I guess there's one I almost hesitate to mention: the Larghetto of Beethoven's Violin Concerto in D Major… the piece can be unimpressive and boring if performed perfunctorily. But, if close attention is paid (by performers and listeners), it can really come alive with tremendous depth and pathos… a good cadence from the soloist, especially, can help tie it all together. You won't bawl, but a few tears of gratitude can flow with ease.
Also, "O Danny Boy," "O Flower of Scotland" and "Greensleeves."
I don't think it's unmanly to cry – I think beauty, sorrow, etc., should make a noble man cry. That's the question: *what* makes us cry? If lousy pop songs do us in, we are effeminate panty-waists who need to be beaten until tough. If we bawl while Brittany sings that she's no longer a girl, not yet a woman, we should be forced to chew glass until we are no longer wusses, but not yet Navy Seals. But, if a beautiful chant or great piece of music elicits our tears, that actually makes us *more manly* than men who shut themselves off to such sublimity out of fear or ignorance. The father who can't sit and listen to a masterpiece of music, and let his son see him shed a few tears over its greatness, hasn't taught his son how to be a man. Of course, he should teach him how to *not* cry when he's scared, and to be brave enough to stand up for himself, for others and for the good, too. I.e., he should teach his son to cry when that is the noble thing, to not be a wuss at any time, and to keep a stiff upper lip in spite of himself, when that is the noble thing.
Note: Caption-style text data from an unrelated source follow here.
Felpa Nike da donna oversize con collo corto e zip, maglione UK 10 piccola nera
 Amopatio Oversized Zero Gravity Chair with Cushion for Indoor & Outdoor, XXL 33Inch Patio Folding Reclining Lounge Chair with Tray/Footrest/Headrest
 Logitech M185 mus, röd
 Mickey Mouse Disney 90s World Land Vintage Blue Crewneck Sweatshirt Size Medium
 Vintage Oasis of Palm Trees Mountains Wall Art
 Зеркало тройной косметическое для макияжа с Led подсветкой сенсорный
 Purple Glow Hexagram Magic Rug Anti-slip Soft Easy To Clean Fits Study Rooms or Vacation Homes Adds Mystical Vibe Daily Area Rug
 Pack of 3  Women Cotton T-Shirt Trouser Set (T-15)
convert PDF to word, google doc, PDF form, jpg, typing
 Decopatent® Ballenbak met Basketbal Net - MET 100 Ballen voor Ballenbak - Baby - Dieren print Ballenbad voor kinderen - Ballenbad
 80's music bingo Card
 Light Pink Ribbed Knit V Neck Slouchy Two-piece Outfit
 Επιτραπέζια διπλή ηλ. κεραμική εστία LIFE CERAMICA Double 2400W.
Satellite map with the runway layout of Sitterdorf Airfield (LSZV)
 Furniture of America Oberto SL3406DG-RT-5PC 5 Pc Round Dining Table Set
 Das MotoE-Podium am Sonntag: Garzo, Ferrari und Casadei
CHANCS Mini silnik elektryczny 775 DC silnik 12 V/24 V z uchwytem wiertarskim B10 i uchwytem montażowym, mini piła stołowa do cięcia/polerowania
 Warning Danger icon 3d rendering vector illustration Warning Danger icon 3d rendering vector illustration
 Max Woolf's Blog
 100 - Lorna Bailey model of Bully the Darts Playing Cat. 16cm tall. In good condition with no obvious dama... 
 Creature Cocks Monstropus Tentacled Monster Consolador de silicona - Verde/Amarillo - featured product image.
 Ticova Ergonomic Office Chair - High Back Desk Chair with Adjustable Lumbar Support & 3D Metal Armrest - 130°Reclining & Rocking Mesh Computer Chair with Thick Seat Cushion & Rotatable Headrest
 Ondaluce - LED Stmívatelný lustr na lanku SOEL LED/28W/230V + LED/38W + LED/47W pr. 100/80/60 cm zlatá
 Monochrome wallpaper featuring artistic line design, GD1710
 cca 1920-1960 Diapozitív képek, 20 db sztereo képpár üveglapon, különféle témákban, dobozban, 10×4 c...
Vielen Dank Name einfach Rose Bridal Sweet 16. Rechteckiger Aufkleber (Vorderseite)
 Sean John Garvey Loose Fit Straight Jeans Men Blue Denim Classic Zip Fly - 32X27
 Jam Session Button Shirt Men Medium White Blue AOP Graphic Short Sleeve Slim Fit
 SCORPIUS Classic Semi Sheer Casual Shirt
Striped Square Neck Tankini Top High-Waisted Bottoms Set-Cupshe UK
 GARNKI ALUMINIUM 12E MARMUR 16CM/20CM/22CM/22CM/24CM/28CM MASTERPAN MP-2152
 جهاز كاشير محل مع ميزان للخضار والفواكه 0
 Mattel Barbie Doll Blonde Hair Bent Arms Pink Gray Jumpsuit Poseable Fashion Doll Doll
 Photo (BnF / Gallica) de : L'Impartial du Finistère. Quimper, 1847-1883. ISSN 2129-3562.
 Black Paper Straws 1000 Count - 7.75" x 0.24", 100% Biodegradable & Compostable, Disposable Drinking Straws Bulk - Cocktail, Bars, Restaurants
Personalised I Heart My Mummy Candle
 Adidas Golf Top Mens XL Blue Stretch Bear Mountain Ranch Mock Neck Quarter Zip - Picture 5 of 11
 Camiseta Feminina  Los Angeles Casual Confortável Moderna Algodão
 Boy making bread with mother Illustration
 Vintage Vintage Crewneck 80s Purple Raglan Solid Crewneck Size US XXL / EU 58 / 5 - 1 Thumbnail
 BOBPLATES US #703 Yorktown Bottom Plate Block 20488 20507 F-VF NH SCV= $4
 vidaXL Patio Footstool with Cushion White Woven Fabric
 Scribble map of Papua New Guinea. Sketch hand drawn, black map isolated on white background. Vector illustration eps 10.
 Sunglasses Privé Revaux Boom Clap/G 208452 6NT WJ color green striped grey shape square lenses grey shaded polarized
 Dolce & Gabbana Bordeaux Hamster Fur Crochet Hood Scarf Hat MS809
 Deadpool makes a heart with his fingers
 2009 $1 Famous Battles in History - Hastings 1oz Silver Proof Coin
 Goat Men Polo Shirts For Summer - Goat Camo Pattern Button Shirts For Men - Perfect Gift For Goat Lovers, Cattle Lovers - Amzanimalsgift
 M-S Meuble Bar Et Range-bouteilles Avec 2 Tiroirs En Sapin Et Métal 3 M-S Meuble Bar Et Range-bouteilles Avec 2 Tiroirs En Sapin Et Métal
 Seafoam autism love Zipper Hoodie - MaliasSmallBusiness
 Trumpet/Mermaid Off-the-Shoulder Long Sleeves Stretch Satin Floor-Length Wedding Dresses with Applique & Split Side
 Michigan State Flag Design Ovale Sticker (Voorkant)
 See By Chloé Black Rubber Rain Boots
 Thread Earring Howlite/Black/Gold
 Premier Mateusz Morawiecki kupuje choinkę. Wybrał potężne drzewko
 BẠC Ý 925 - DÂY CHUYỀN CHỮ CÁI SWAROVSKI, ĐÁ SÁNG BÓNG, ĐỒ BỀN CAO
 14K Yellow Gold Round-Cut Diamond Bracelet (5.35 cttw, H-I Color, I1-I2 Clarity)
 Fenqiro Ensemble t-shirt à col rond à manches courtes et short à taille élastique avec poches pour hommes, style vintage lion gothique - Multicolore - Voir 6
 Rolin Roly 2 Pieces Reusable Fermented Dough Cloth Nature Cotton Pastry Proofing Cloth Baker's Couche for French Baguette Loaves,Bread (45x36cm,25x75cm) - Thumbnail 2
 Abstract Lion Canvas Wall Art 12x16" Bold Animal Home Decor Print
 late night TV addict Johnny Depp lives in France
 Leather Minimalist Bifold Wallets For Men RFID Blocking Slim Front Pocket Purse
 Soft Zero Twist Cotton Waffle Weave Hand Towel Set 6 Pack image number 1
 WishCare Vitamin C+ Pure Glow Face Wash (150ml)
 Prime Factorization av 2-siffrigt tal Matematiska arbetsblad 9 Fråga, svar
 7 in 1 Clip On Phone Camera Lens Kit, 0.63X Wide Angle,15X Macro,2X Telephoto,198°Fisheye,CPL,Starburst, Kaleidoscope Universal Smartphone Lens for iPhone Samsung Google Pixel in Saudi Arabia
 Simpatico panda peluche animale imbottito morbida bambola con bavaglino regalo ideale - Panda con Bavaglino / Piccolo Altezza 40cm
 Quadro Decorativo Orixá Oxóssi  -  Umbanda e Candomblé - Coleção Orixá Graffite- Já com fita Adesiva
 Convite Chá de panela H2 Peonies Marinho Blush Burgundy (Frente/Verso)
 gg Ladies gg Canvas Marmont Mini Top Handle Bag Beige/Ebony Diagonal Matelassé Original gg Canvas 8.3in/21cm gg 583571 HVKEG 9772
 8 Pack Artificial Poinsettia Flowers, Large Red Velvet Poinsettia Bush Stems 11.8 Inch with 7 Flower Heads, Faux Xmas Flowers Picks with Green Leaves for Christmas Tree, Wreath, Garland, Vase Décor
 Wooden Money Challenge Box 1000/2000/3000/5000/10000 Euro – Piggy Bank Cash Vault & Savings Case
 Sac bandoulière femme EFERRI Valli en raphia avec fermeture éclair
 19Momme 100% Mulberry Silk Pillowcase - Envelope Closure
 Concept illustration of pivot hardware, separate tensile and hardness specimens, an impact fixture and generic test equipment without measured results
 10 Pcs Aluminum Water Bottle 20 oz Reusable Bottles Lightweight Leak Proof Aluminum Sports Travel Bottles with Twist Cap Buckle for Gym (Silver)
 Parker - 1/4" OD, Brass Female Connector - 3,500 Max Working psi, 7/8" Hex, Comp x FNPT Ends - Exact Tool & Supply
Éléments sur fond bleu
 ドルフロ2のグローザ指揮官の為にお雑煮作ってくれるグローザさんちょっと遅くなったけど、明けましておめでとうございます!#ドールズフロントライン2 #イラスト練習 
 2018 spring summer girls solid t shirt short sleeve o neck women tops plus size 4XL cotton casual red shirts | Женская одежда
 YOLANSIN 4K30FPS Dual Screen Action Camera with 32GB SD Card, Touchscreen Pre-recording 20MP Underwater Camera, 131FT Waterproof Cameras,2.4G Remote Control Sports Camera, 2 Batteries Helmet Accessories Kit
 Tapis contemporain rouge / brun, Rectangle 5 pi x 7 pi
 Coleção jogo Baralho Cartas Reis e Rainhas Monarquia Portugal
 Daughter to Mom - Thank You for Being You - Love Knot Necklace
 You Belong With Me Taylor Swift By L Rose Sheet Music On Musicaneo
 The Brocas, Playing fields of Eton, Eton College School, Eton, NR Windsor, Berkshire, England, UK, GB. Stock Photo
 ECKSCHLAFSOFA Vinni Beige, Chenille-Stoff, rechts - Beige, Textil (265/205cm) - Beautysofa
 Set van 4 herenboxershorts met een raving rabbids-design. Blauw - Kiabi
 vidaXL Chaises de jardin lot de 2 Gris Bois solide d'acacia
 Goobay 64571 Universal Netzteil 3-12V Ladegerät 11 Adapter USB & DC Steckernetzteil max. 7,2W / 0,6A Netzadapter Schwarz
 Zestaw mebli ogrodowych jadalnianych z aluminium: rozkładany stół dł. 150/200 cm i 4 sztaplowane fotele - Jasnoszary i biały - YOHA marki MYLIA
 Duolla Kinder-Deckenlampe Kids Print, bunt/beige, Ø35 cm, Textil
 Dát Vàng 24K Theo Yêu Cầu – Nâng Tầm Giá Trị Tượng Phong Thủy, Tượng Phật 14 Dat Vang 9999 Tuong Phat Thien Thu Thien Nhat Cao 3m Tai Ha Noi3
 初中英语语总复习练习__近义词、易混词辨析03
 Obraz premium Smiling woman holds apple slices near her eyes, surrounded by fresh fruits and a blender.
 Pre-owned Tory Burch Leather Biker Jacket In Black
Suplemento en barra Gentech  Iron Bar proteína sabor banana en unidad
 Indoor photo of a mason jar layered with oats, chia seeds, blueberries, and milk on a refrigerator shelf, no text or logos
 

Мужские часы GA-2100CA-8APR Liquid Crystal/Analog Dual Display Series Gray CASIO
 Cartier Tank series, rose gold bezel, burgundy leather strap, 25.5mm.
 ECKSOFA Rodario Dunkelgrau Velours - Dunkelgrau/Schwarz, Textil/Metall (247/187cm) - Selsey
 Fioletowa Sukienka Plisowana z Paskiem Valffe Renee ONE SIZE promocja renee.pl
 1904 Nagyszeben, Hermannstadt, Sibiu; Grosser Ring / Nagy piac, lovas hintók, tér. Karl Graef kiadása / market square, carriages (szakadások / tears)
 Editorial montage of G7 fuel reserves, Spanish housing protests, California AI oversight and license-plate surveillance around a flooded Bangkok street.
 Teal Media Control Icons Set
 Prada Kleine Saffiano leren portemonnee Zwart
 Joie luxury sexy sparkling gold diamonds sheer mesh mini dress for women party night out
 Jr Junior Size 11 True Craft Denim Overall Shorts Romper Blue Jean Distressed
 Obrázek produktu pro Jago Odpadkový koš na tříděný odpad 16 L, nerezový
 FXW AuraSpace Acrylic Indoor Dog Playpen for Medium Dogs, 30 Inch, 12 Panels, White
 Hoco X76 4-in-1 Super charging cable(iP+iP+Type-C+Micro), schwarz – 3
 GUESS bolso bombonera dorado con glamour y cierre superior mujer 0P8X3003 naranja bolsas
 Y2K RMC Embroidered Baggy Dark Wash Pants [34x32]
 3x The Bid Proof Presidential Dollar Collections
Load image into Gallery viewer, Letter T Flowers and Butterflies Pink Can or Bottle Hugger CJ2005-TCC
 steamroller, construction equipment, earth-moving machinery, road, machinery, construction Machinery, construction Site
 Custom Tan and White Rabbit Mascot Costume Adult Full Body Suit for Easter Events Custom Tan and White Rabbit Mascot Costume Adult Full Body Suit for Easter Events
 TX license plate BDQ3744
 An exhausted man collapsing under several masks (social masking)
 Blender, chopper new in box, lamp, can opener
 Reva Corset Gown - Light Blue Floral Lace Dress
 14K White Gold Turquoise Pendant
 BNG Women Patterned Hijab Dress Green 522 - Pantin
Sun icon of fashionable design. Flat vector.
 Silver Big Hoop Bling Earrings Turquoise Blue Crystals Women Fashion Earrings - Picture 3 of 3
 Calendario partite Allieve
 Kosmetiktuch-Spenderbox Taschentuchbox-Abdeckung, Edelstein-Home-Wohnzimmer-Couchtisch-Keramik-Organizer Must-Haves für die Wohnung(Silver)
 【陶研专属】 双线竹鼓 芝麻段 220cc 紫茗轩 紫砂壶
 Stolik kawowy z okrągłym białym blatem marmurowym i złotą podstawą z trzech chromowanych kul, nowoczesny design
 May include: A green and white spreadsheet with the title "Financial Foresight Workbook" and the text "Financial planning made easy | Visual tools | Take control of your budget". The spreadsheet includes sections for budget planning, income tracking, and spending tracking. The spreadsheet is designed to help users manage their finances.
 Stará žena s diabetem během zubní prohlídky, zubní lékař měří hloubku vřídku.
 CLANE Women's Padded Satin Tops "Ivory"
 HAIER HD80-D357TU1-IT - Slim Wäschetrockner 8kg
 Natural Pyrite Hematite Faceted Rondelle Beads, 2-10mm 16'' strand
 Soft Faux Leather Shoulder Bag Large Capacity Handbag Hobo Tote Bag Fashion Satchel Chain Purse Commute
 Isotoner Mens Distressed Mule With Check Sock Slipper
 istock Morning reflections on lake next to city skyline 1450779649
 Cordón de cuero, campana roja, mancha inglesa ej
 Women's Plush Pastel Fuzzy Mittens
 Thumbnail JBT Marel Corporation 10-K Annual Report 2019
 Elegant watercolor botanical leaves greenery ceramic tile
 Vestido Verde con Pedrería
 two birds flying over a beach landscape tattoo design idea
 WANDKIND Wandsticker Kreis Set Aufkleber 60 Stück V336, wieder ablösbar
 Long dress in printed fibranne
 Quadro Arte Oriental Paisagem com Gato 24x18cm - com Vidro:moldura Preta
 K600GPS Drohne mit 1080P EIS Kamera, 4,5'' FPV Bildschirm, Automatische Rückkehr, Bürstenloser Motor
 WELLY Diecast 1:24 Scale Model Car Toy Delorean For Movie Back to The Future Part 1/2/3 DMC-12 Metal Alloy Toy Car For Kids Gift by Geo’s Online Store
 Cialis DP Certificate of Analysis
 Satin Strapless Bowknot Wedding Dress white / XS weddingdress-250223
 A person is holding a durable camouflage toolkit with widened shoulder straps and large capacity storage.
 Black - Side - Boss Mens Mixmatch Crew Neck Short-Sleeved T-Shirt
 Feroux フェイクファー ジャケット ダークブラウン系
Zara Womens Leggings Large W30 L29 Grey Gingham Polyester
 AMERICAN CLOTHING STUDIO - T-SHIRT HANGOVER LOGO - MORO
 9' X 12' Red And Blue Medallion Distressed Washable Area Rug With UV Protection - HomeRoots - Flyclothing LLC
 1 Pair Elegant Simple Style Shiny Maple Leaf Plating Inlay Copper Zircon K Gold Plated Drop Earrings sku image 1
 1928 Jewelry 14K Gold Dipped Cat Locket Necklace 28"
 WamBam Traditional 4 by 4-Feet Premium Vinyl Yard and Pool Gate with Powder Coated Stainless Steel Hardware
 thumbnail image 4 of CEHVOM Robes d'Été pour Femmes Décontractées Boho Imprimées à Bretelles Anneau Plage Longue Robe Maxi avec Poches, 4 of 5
September 29, 2010 at 8:01 pm
Backstory: the linked song was my Grandma's favorite. She lived with us my whole life, and when she had her stroke and was in the home, she asked me to play this at her funeral.
Shoot, I'm crying just thinking about it.
http://www.youtube.com/watch?v=yzzqhaLl_8w
September 29, 2010 at 8:15 pm
Ever since 9/11, the third stanza of "America the Beautiful" brings me to tears.
O beautiful for heroes prov'd
In liberating strife,
Who more than self their country loved,
And mercy more than life.
America! America!
May God thy gold refine
Till all success be nobleness,
And ev'ry gain divine.
September 29, 2010 at 8:45 pm
It's funny but no song ever made me cry. My Dad's death did. A good friend who had a really serious asthma attack and died as a result, yeah. But a song? Different strokes, I suppose.